Exercise goal
Beginning with the line that includes "6640 NE Roselawn St — Photo 26", return every remaining line of the material exactly as it reads, but not the pictures.

Information supplied
+--
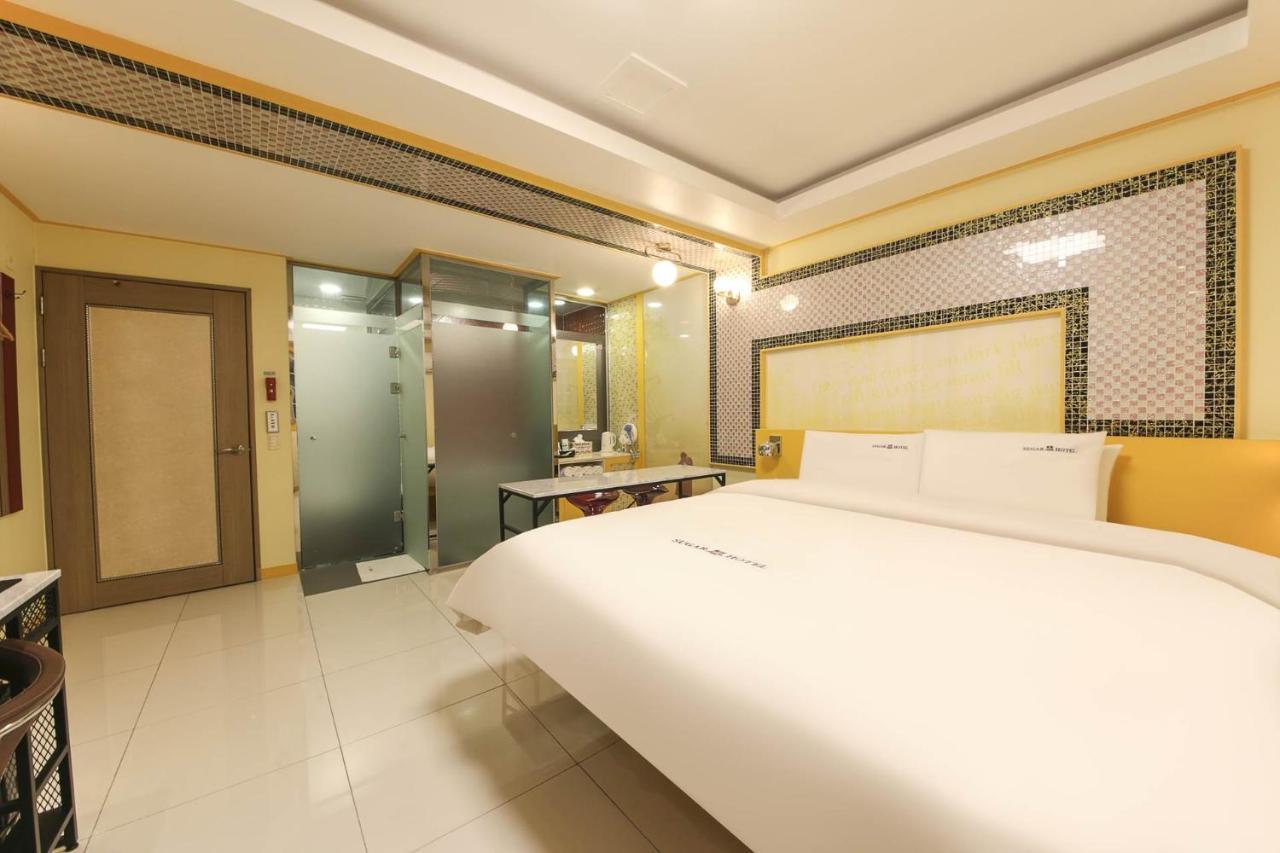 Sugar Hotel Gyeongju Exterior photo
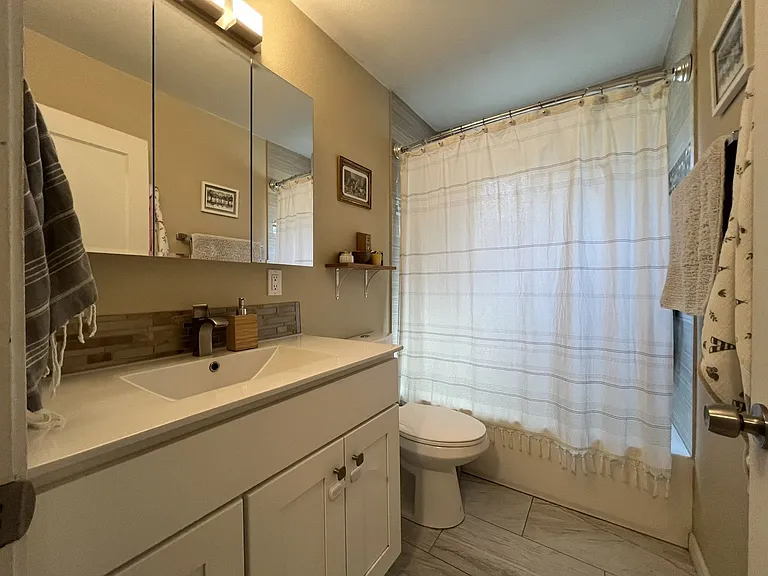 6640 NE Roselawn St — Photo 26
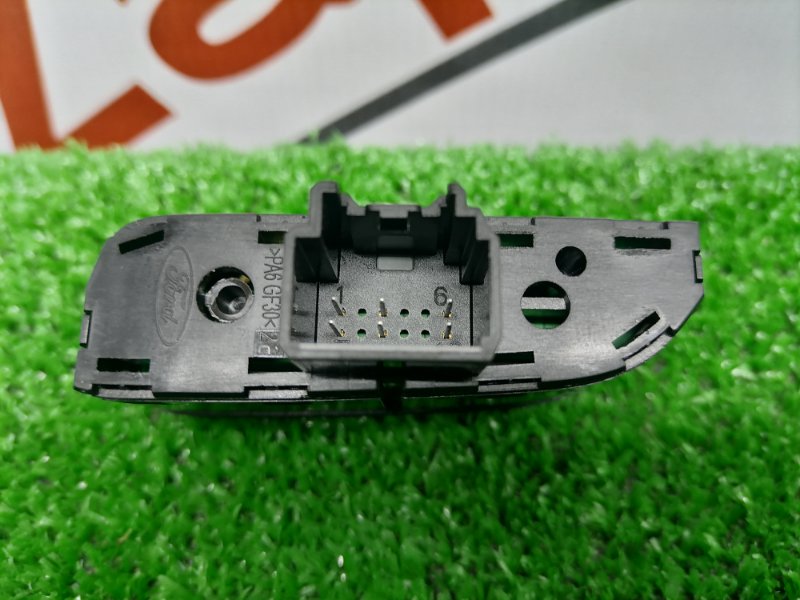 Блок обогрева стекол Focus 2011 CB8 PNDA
+--
Answer space
 6640 NE Roselawn St — Photo 26
 Блок обогрева стекол Focus 2011 CB8 PNDA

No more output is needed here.